去年の6月に開催された伝手展 vol.6で7人の作家たちとコラボした飲食店が真心さんだったんです。いやー面白いですね。次から次にちょっと丼なの?って器が出てきます。
「司ラボと共催してきた伝手展のテーマを今年は麺、ラーメンにしたいので協力してほしい」
「若手の作家が器を作るからそれに盛り付けてみてほしい。ルールは臣悟さんが決めていい」
お店を再開して半年くらい経った頃に、玉木酒店からこんな風に声がかかりました。
しかし、臣悟さんは特に細かな指定はしませんでした。容量、形状、ラインや口径、サイズ感、料理を作る側のこだわる機能や理屈があって、こういうのが美味しく見える、あるいは味わえるという希望を言えるはずですが、あえて器の作り手に委ねた。いつもと違う器に盛ると刺激になる。やっぱり作家の器は思いとかが篭ってるから、盛りつけるとそういう新しい価値も提供できる、と思って二つ返事で引き受けたそうです。

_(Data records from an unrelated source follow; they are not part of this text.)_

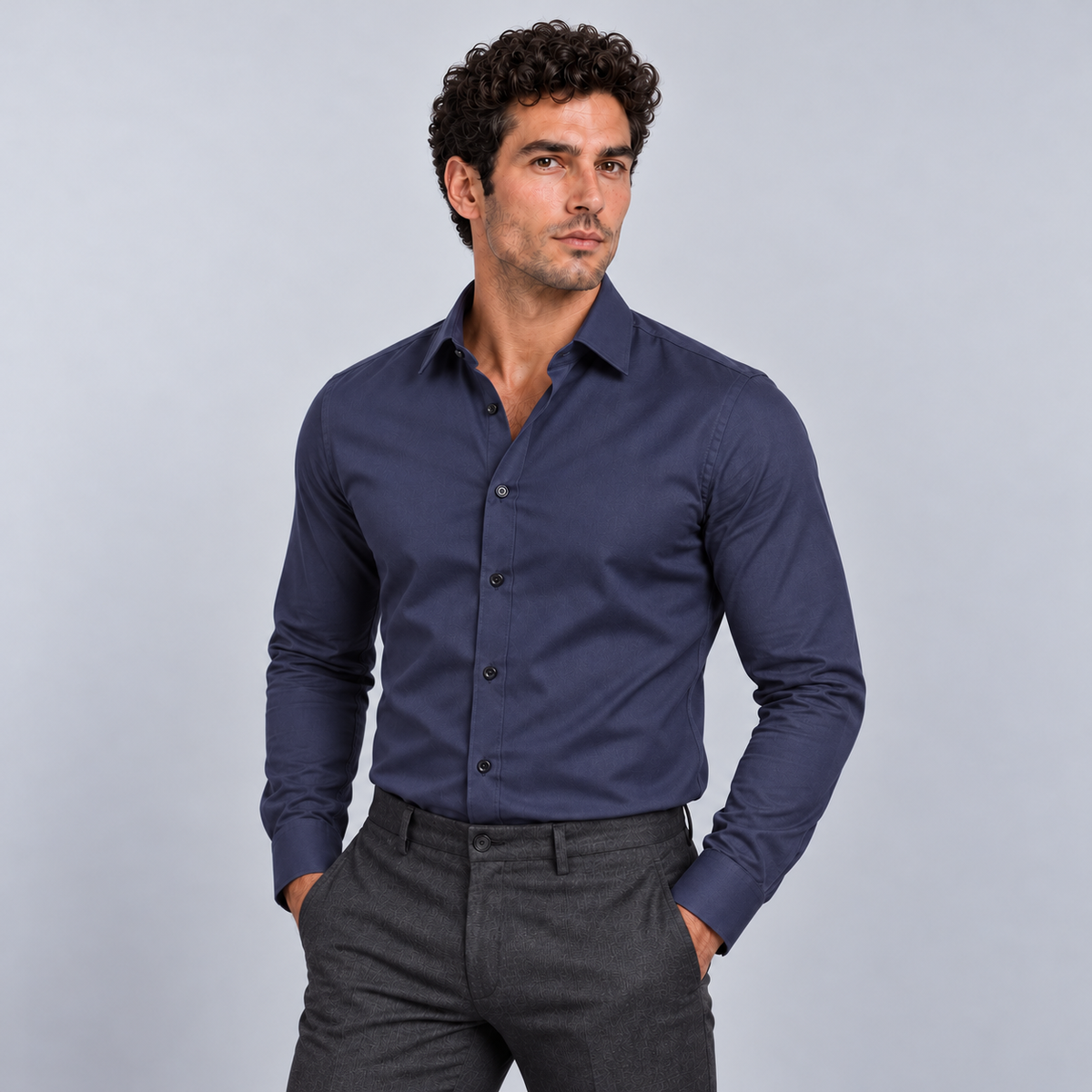 Rowenfield Men's Wrinkle-Free Formal Shirt – Navy Blue – front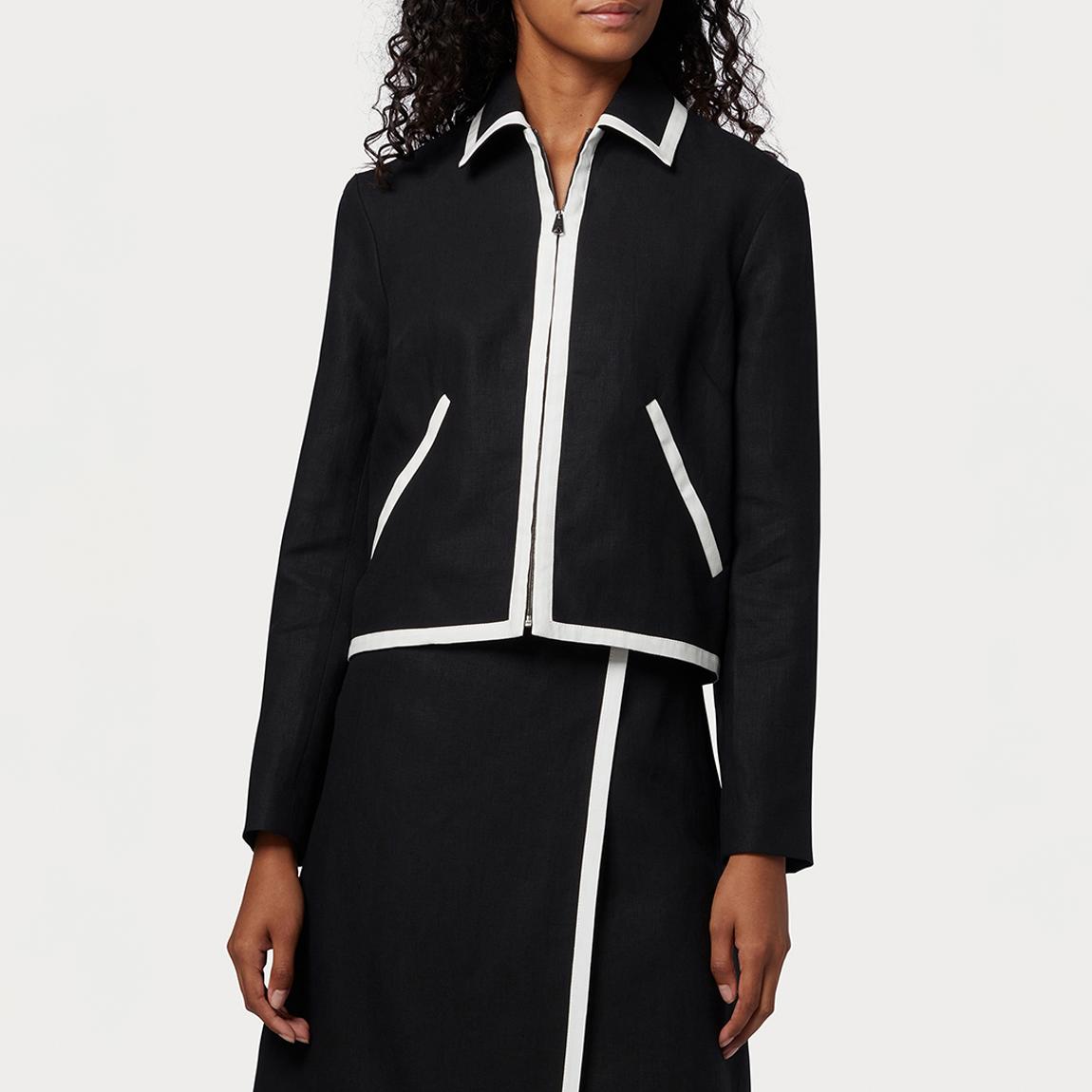 Black Contrast Tipped Linen Zip Jacket main product photo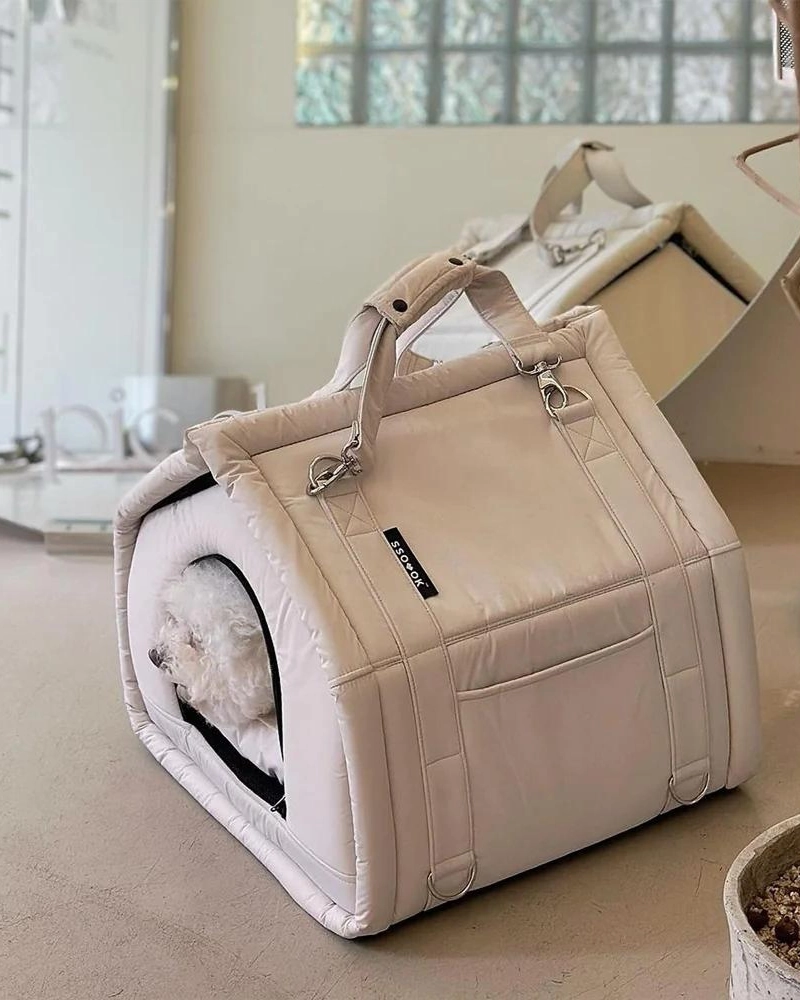 2-In-1 Pet Bed w/ Handles in Black or Beige (FINAL SALE)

そうして展覧会は、丼を中心に200点以上の作品が並びました。臣悟さんは、玉木酒店でのオープニングイベント「角打ち」におつまみを用意し、会期中、真心ではその作家たちの丼で実際に食べてもらうラーメン提供に挑戦。最終日は招待制・特別メニューの食事会のまで八面六臂の活躍でした。
玉木さん曰く、「真心くんは本当になんでもできる。引き出しがたくさんあって、懐が深い。気持ちよくやってくれる、計算ができる。だからうちは頼りっきりだよ」
作家が自由に作った器を、実際に通常営業のお店で使うのは、大変ではなかったですか?食洗機もかけれないし。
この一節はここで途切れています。